Superbonus: quando servono le foto dei lavori?

Per prevenire le frodi sulla cessione dei crediti, banche e Poste Italiane stanno chiedendo le immagini del cantiere: lo prevede una circolare dell’Agenzia delle Entrate.

Qualcuno disse –  molto prima della nascita della fotografia, di internet e dei social – che un’immagine vale più di mille parole. Adesso anche i burocrati sono arrivati a capirlo: l’approvazione del Superbonus richiede più di 40 documenti, tra dichiarazioni, autorizzazioni, schede, certificazioni, permessi, visure, fatture, altri giustificativi di spesa ed asseverazioni, ma per certi aspetti la foto che ritrae lo stato dei lavori è insostituibile. Infatti ora una circolare dell’Agenzia delle Entrate la suggerisce per accelerare l’iter della pratica ed evitare intoppi: senza foto si rischia di vedersi negare la cessione del credito e quindi di non ottenere il rimborso delle spese compiute per gli interventi agevolati. Vediamo quando servono le foto dei lavori per il Superbonus.
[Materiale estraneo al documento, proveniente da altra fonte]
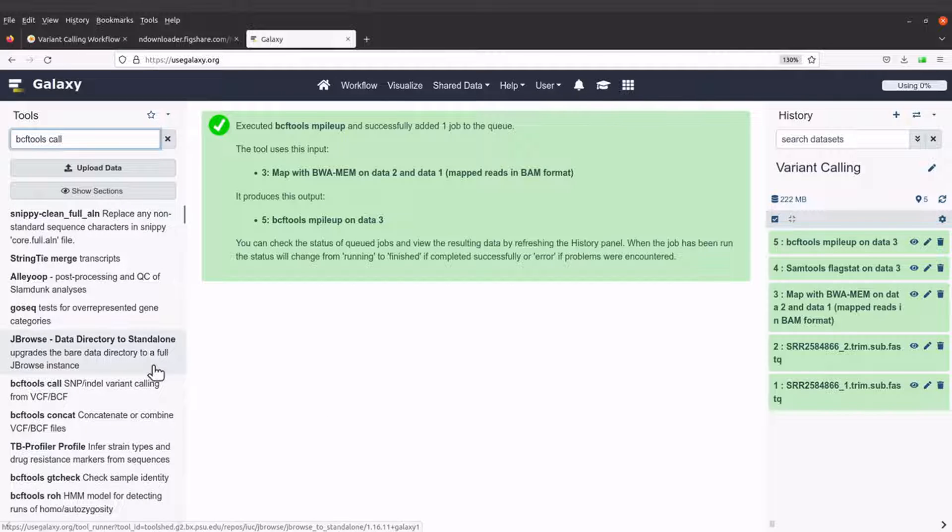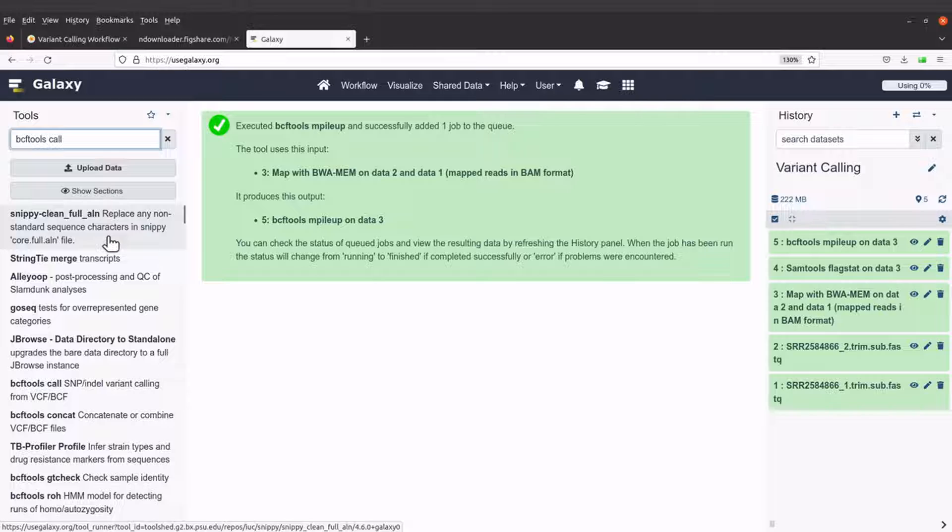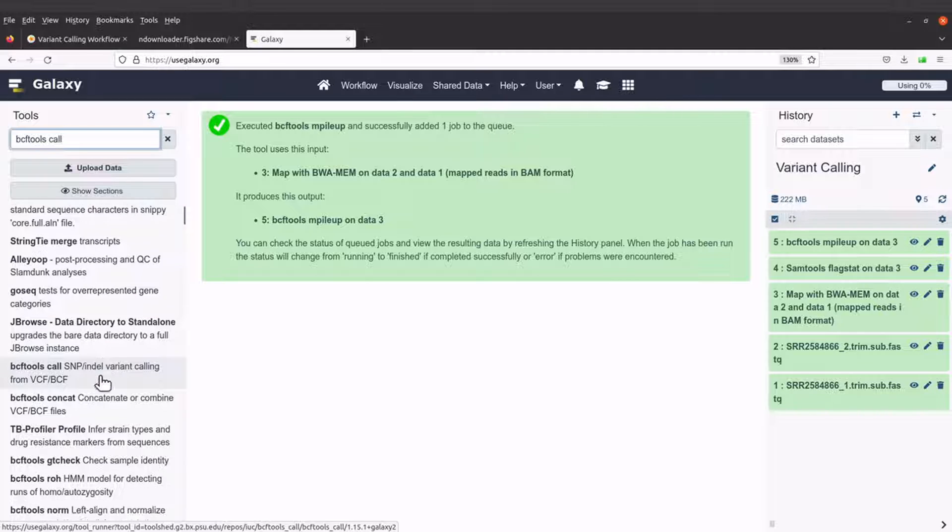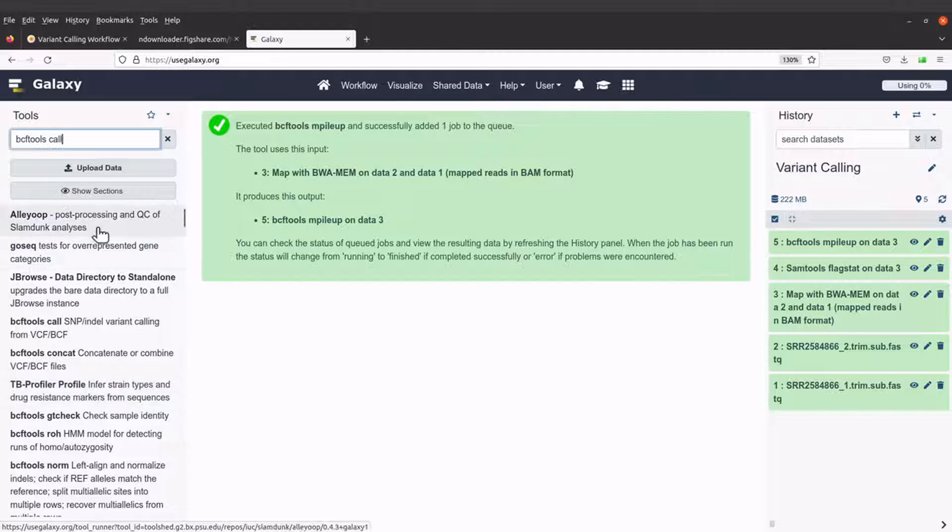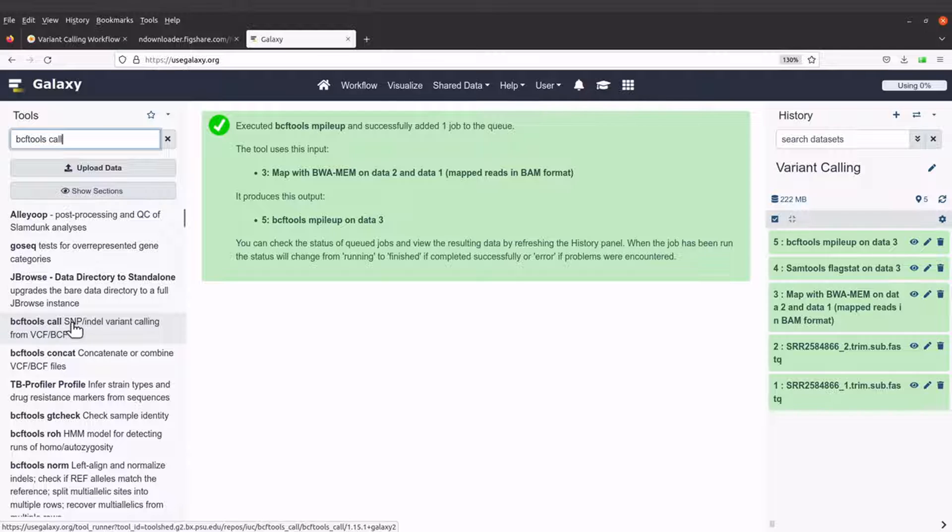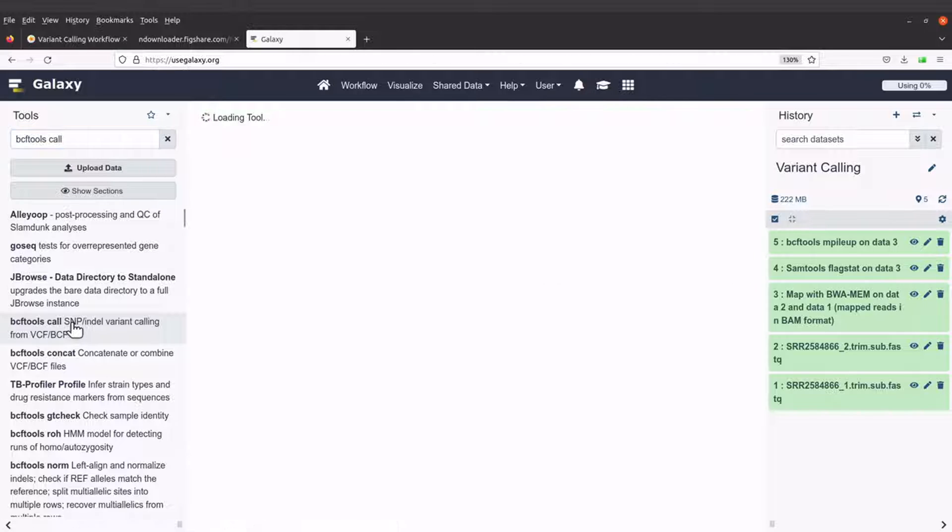So I will search for bcftools call. It should show up soon. You can also scroll down to check where it is. I see it here. This is bcftools call. So I will click it.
Superbonus: perché occorrono le fotografie

Il problema principale del Superbonus sorge dal fatto che ci sono state numerose truffe, anche di grossa entità, per lavori mai eseguiti ma ammessi comunque alla cessione del credito: chi ha fatturato quegli interventi, in realtà inesistenti, ha incassato enormi cifre, anche di parecchi milioni di euro.
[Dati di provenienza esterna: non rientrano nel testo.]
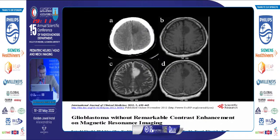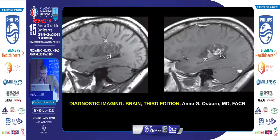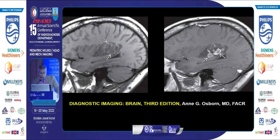An article by Satoshi demonstrated many glioblastomas without significant post-contrast enhancement. On the other hand, heterogeneous enhancement in a low-grade neoplasm, DNET, is also shown here.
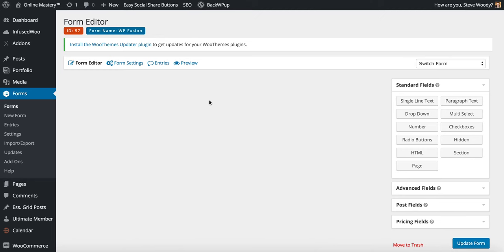For this video we're going to talk about how to integrate WP Fusion into Gravity Forms. Now as you can see we've already created a new form and I'm just going to go ahead now and fill in some basic details.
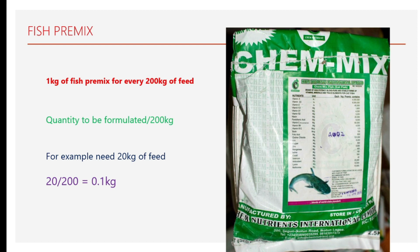For example, if you decide to formulate 20 kg of feed, all you have to do is take 20 divided by 200, and you get 0.1 kg of fish premix to be added to 20 kg of feed. That is how you calculate it to suit the quantity you decided to formulate.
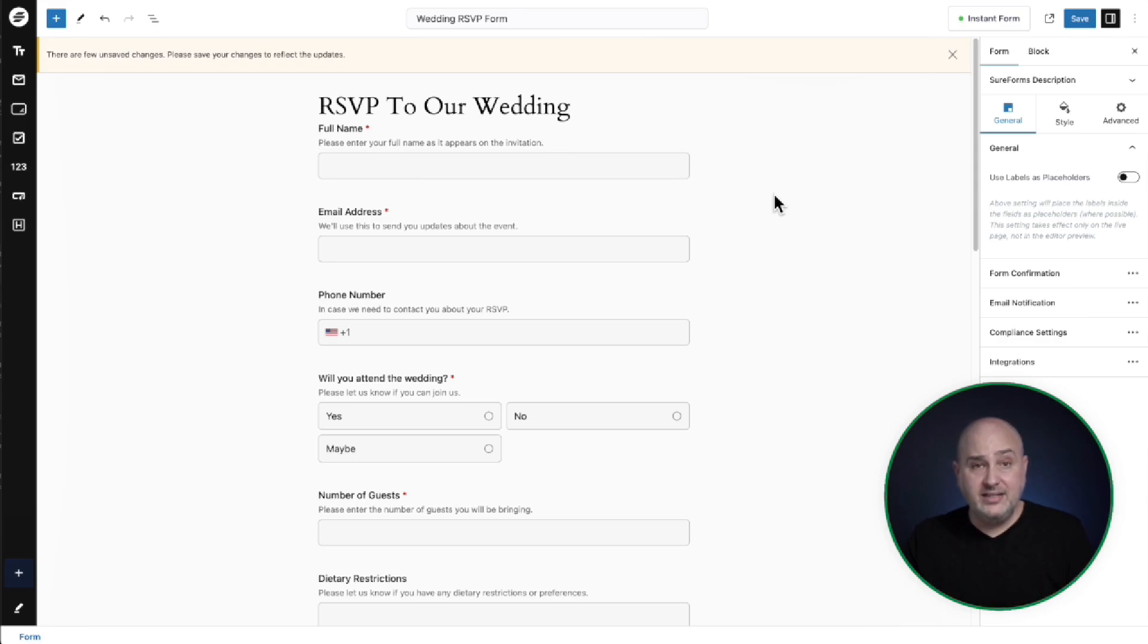It really doesn't get any easier than this in creating forms. What do you think? Let me know in the comment section down below. What do you think about this implementation of AI specifically in a very practical manner? There's no having to sign up for anything or pay for anything. It just works.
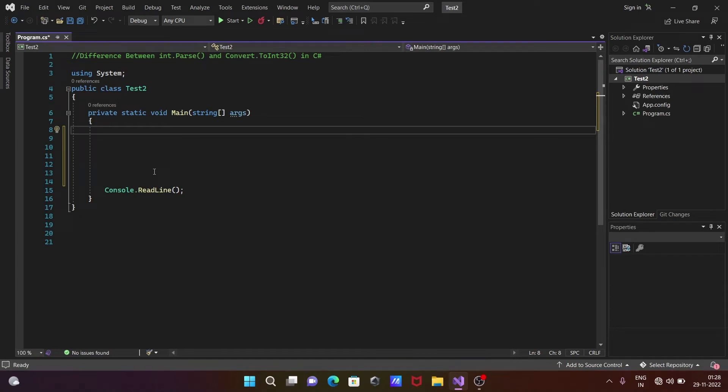What is the difference between int.Parse method and Convert.ToInt32 method in C#.NET? Let's see.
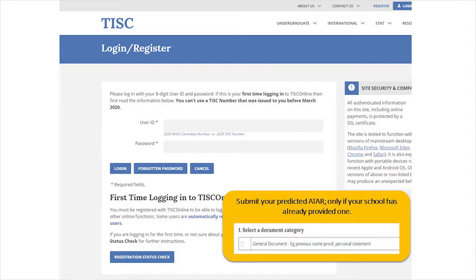If you're an ATAR student and your school has already given you a predicted ATAR form, at the last step of the TISC application process that is where you upload your predicted ATAR document. If your school hasn't given you one, or if you aren't an ATAR student, you can simply skip that step.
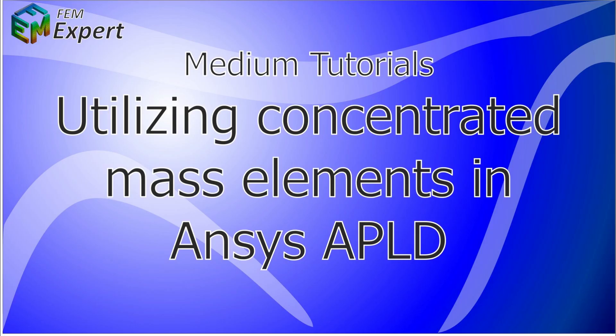Hello and welcome to FEM Expert. Today we will present you a medium tutorial in which we will show you how to utilize concentrated mass elements to simulate loads in ANSYS Classic.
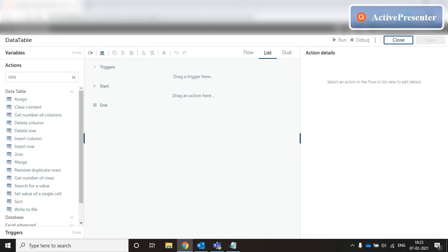Hello everyone. Welcome to my series on A2019 programming. Today we are going to discuss data table in A2019. As the name suggests, a data table is a collection of data in tabular format with rows and columns, and each cell of the table contains a certain type of data.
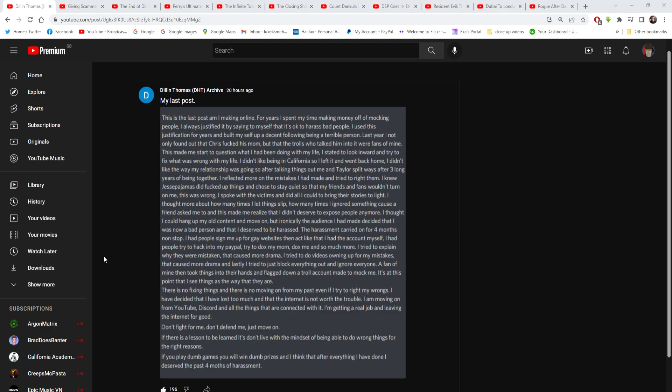A fan of mine then took things into their own hands and flagged down the troll account and made them mock me. Wasn't that Schillen Thomas or something? I don't know. I did hear a name Schillen going around, but I do know that an account like that got taken down. But I'm not quite sure. I don't really know. So it's at this point that I see things as the way they are. There is no fixing things and there is no moving on from my past even if I try to right my wrongs.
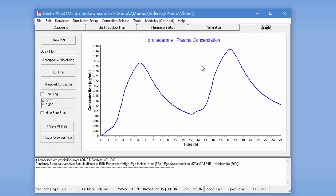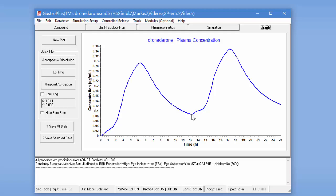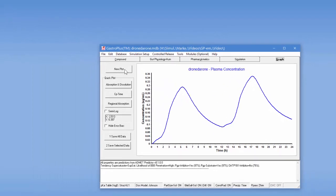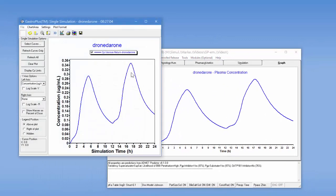So if we go to the graph tab, we see the graph for the parent compound Dronedarone. So it goes up and then here's where you get the second dose and that starts heading up.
Questo grave fenomeno – che non era stato previsto quando, nel 2020, fu varata la misura – ha dimostrato che la documentazione cartacea è insufficiente ad attestare i fatti: a tavolino si possono predisporre tutte le carte necessarie per ottenere fraudolentemente l’agevolazione. E allora lo Stato ha ristretto il margine di azione per gli imbroglioni, chiedendo – oltre agli atti, che rimangono ancora insostituibili – anche le fotografie. Ma non lo ha fatto in maniera diretta, bensì compulsando gli intermediari del credito ceduto, cioè le banche o Poste Italiane, come vedremo ora.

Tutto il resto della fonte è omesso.